The amendment, tabled by former Scottish Office minister Allan Stewart, would allow a Scottish court and jury to sit abroad for the trial of the two Libyans charged with carrying out the attack.
Libya has refused to hand over the men, who are accused of murdering the 270 people who died when Pan Am flight 103 exploded above Lockerbie in 1988, claiming they would not receive a fair trial in Scotland, or the United States.
Mr Stewart's amendment offers a potential solution by keeping the case
within the jurisdiction of the Scottish legal system while satisfying Libyan demands that the trial be held in a neutral third county, possibly The Hague in the Netherlands.
The amendment will be opposed by the Government when it comes up in the Commons Committee considering the Criminal Justice (Scotland) Bill. With a Government majority of one on the committee, Labour's support for Mr Stewart could force a defeat.
However, although the Scottish Labour leadership is sympathetic to the demands of those campaigning for a solution to the impasse, it is understood to be concerned about the feasibility of having a Scottish court sit abroad.
Sources suggest there are ''fundamental problems'' including the need to alter Scots law to fit in with European law which could result in a ''mongrel court''. However, Labour is not yet prepared to dismiss Mr Stewart's clause, and will wait for the committee debate, expected after Easter.
Labour MP Tam Dalyell, who sits on the committee and who will support the amendment, said yesterday he would fight to secure his party's backing. He said he had received assurances from Deputy Shadow Scottish Secretary John McFall that Labour would back the amendment. ''I would be astonished if we didn't,'' he said.

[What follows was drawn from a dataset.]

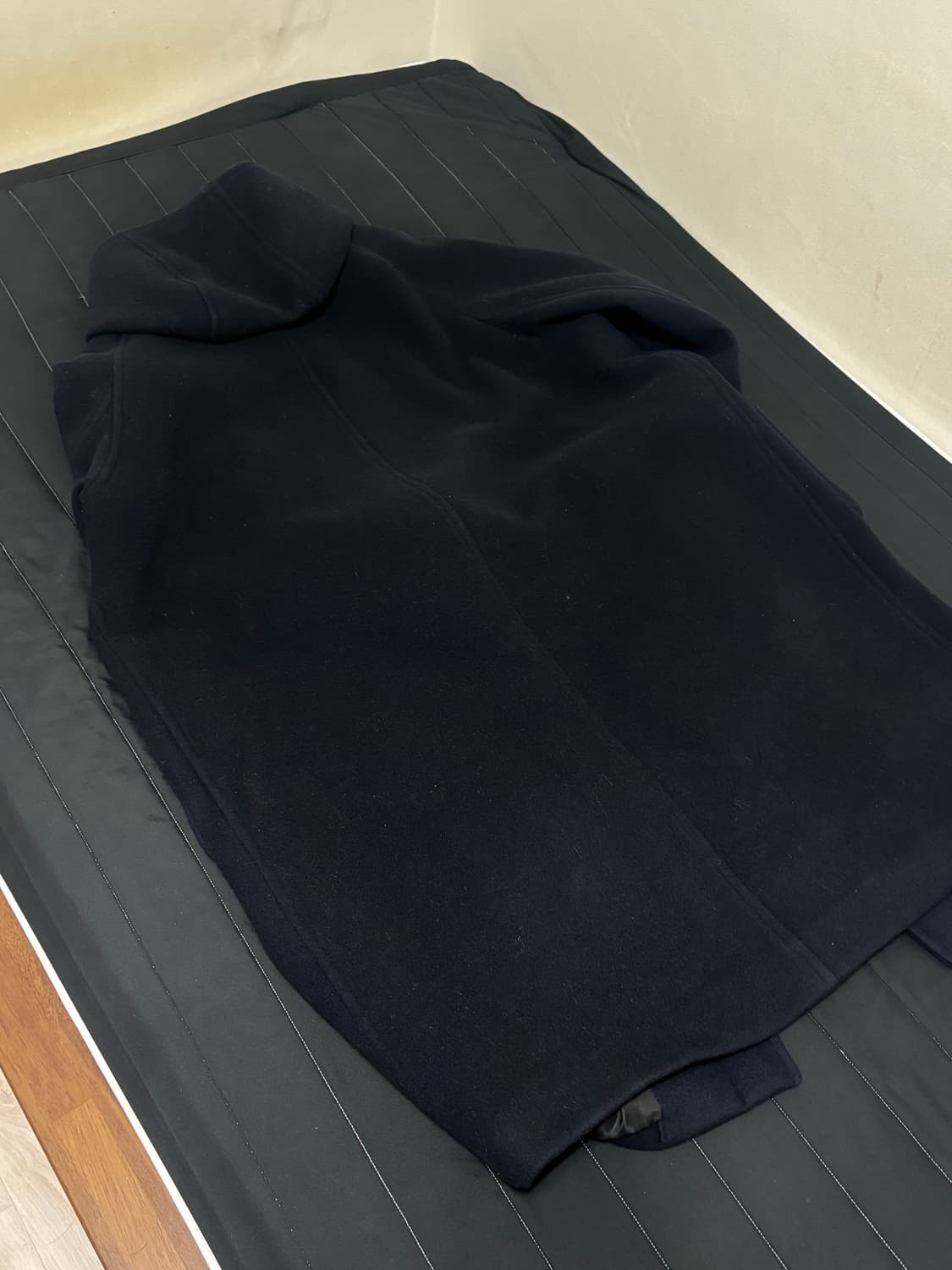 노드아카이브 후드 코트 네이비 2사이즈 상품이미지3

Yesterday Mr McFall, who leads for Labour on the committee, said his side would wait ''with interest'' to hear Mr Stewart explain his idea.
Mr Stewart proposes to visit Libya from next Friday, to meet Libyan government officials with the aim of persuading them to accept his idea.

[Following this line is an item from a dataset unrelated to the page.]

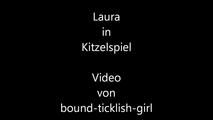 Laura - Tickle Game Part 1 of 2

The former minister, who will announce details of his trip today, will write to all the MPs on the committee explaining the reasoning behind the new clause. He does not accept the argument that procedural difficulties would make it impossible for a Scottish court to sit in a third country.

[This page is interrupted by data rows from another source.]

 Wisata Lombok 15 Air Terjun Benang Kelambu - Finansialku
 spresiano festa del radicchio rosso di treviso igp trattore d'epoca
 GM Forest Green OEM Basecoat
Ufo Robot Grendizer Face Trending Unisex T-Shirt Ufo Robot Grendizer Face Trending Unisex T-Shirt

Meanwhile, the British authorities yesterday refused to comment on a newspaper report which named an Arab businessman as the mastermind behind the Lockerbie bombing.
It claimed that Dr Ihsan Barbouti, who had offices in London and Malta, planned the attack, and received £3.2m from a Libyan account. Officially, Dr Barbouti died in 1990 after suffering a heart attack, but the newspaper suggests he may have faked his own death to avoid capture and trial.
Eventually, in summer 1998, a neutral venue solution to the Lockerbie impasse -- based on my January 1994 proposal -- was accepted by the United Kingdom and the United States.]